Something happens when we deny ourselves what we most want to do, whether it's complaining or fighting back or defending our actions: we grow and improve, ever so slightly with each of our choices. We are growing all of the time, and we determine what direction that growth is in. We either get more negative and bitter, or we take the harder road and we get a little bit stronger and healthier with each choice we make.
I've been experiencing this lately, and I am amazed that I didn't seem to understand this process before. I think I was so busy complaining on a regular basis that I didn't even recognize what was happening. I didn't take the higher road in my relationships because I didn't know it was there. I'm trying to be more aware of the paths available to me on any given day.

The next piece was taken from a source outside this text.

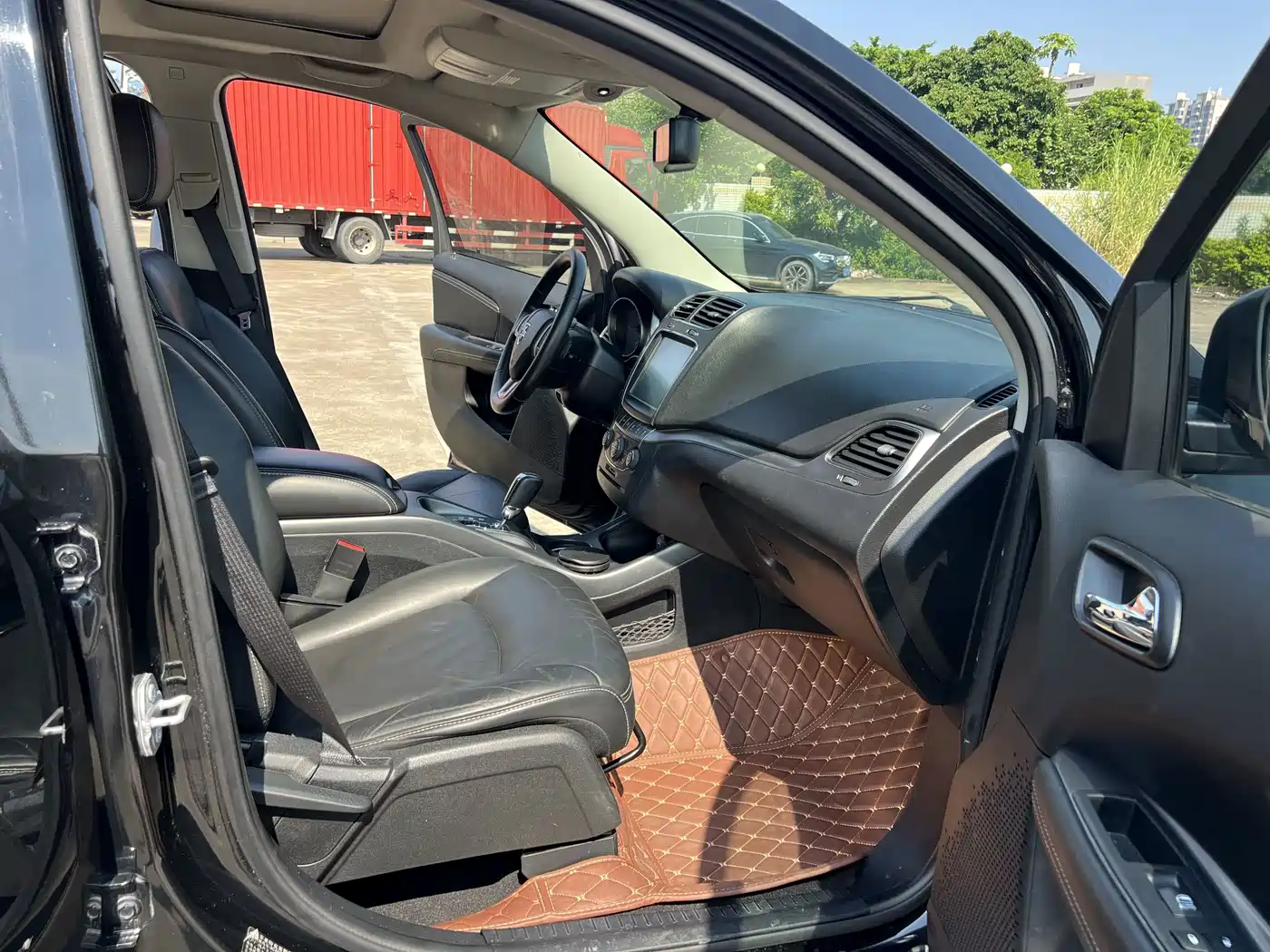 Dodge Journey 2017 2016 2.4L FWD Touring Edition
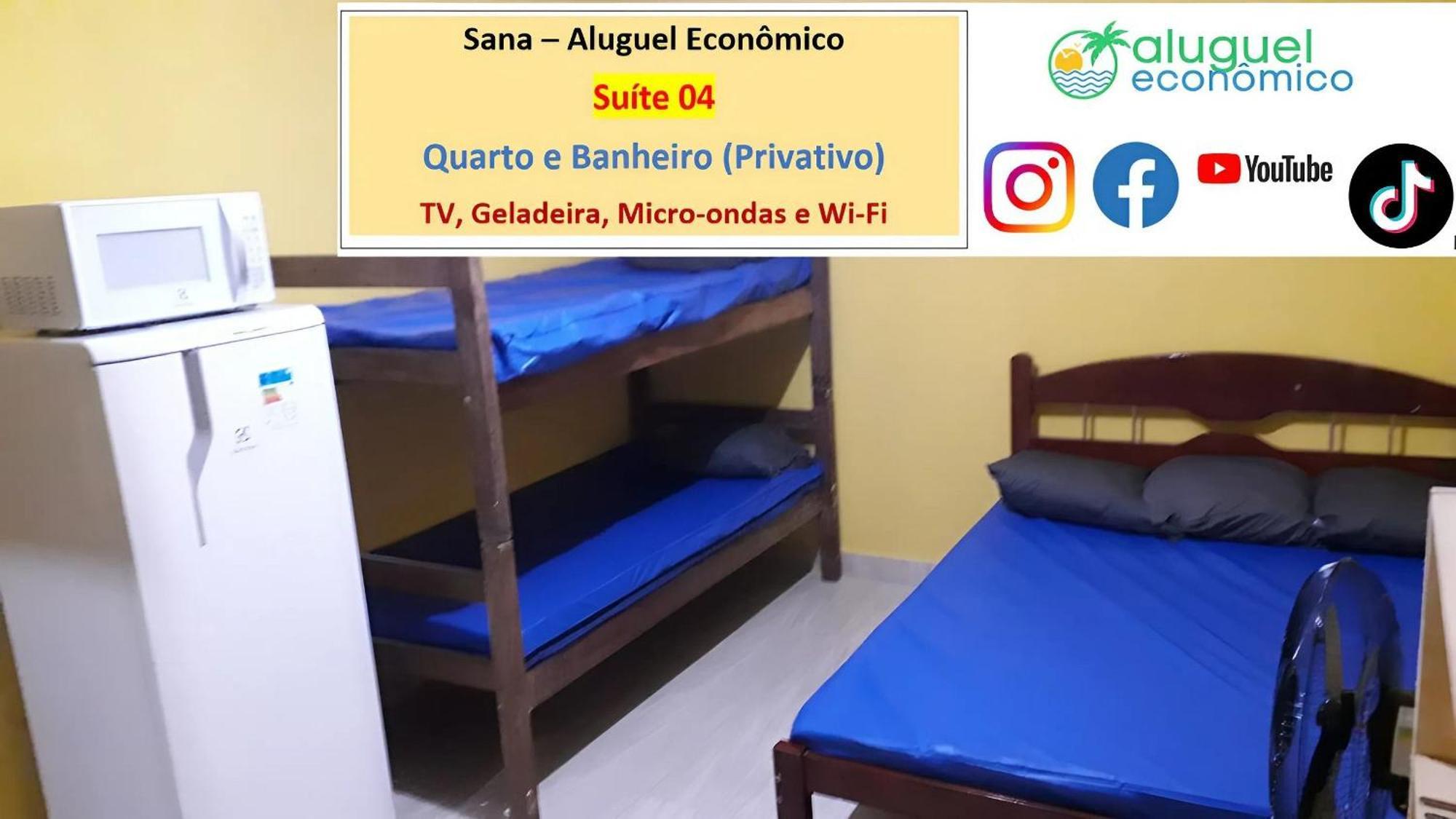 Apartament Sana - Aluguel Economico Zewnętrze zdjęcie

I can take the same one I've always taken, or I can try a new direction.
I love what personal growth gives me in the long term, but damn, do I ever detest the moment of choice and the mid-point. It's bumpy as hell, and so tempting to give in to my base urges to criticize, whine, complain, gossip or tell someone what I really think of them. Intentionally choosing not to engage in what feels comfortable but I know only leads me to misery is very hard, but in that moment, I feel the stretch and know that I have moved infinitesimally toward something better in myself.
We have to train our eyes to look for another way. Giving in to what we've always done or seeking that rush which accompanies surrendering to our anger in the name of justice might help us feel better in the moment, but long-term it doesn't help us to grow in a positive direction. Even taking a few deep breaths at the second we want to react makes a big difference. It gives us a margin of perspective that we are unable to achieve when our emotions are bubbling to the surface.
As humans, it is both good and bad that we have so many choices. We can hold ourselves to a higher standard, but only if we want to. That growing edge is sharp and rough and it hurts badly. Before this season in my life, I virtually always gave in to the easier way. I complained, I stood up for myself, I fought back when I felt I had been crossed.
Now I know I don't have to react automatically anymore. I can choose to do nothing when someone has wounded me. I can be baited, and I can decide not to rise to the bait. Or I can fight back when I feel I need to. It's good to have the choice, and over a period of time I hope that I will learn when it's worth it to speak and when I should remain silent, no matter how hard it is.